How do calculated $\phi$ values from ND PRNs fare against TSE PRNs?

In [42]:
# MAD values computed previously
ns_deg = np.array([0.48, 0.34, 0.49, 0.35, 0.34, 0.37, 0.45, 0.35, 0.51, 0.41])
ns_cent = np.array([0.44, 0.3, 0.41, 0.29, 0.32, 0.3, 0.43, 0.35, 0.44, 0.36])
ns_locent = np.array([0.33, 0.5, 0.2, 0.19, 0.24, 0.22, 0.3, 0.15, 0.24, 0.16])

ts_deg = np.array([0.46, 0.24, 0.35, 0.29, 0.28, 0.26, 0.3, 0.28, 0.3, 0.3])
ts_deg2 = np.array([0.25, 0.21, 0.4, 0.29, 0.36, 0.35, 0.28, 0.31, 0.22, 0.32])
ts_cent = np.array([0.41, 0.34, 0.37, 0.34, 0.29, 0.26, 0.42, 0.26, 0.43, 0.4])

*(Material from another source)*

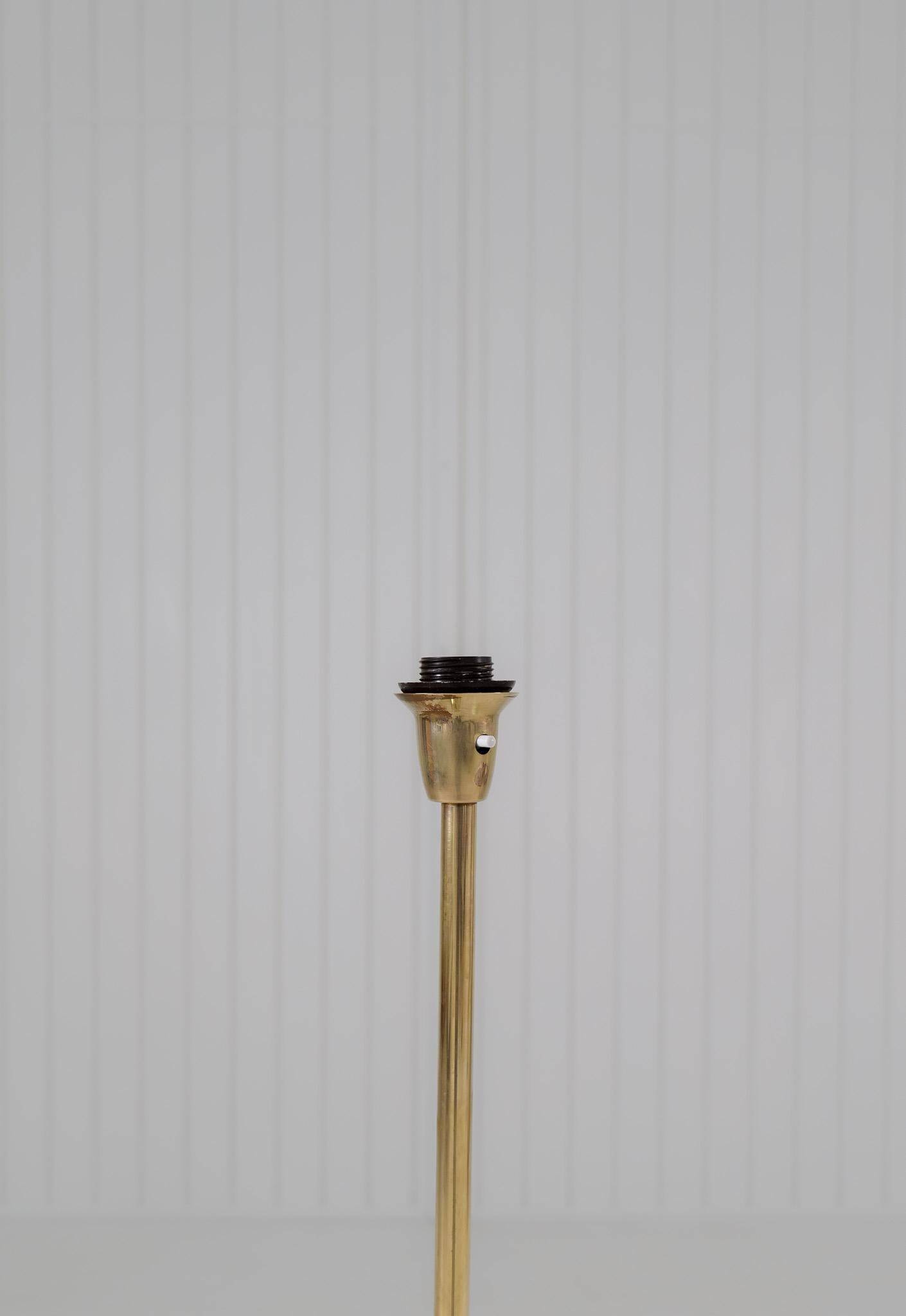 Modern mid-century brass trumpet-shaped floor lamp, Sweden, 1960s.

ndc_cent = np.array([0.394, 0.286, 0.36, 0.327, 0.26, 0.26, 0.304, 0.23, 0.391, 0.252])
nda_cent = np.array([0.274, 0.372, 0.301, 0.287, 0.251, 0.242, 0.302, 0.204, 0.399, 0.313])
nda_deg = np.array([0.33, 0.315, 0.402, 0.318, 0.271, 0.295, 0.355, 0.268, 0.444, 0.299])
In [43]:
print("nda_deg nda_cent")
print(ttest_rel(nda_deg, nda_cent))
print(tts(nda_deg.mean(), nda_deg.std(ddof=1), 10,
          nda_cent.mean(), nda_cent.std(ddof=1), 10, equal_var=False))

print("\nts_deg2 nda_cent")
print(ttest_rel(ts_deg2, nda_cent))
print(tts(ts_deg2.mean(), ts_deg2.std(ddof=1), 10,
          nda_cent.mean(), nda_cent.std(ddof=1), 10, equal_var=False))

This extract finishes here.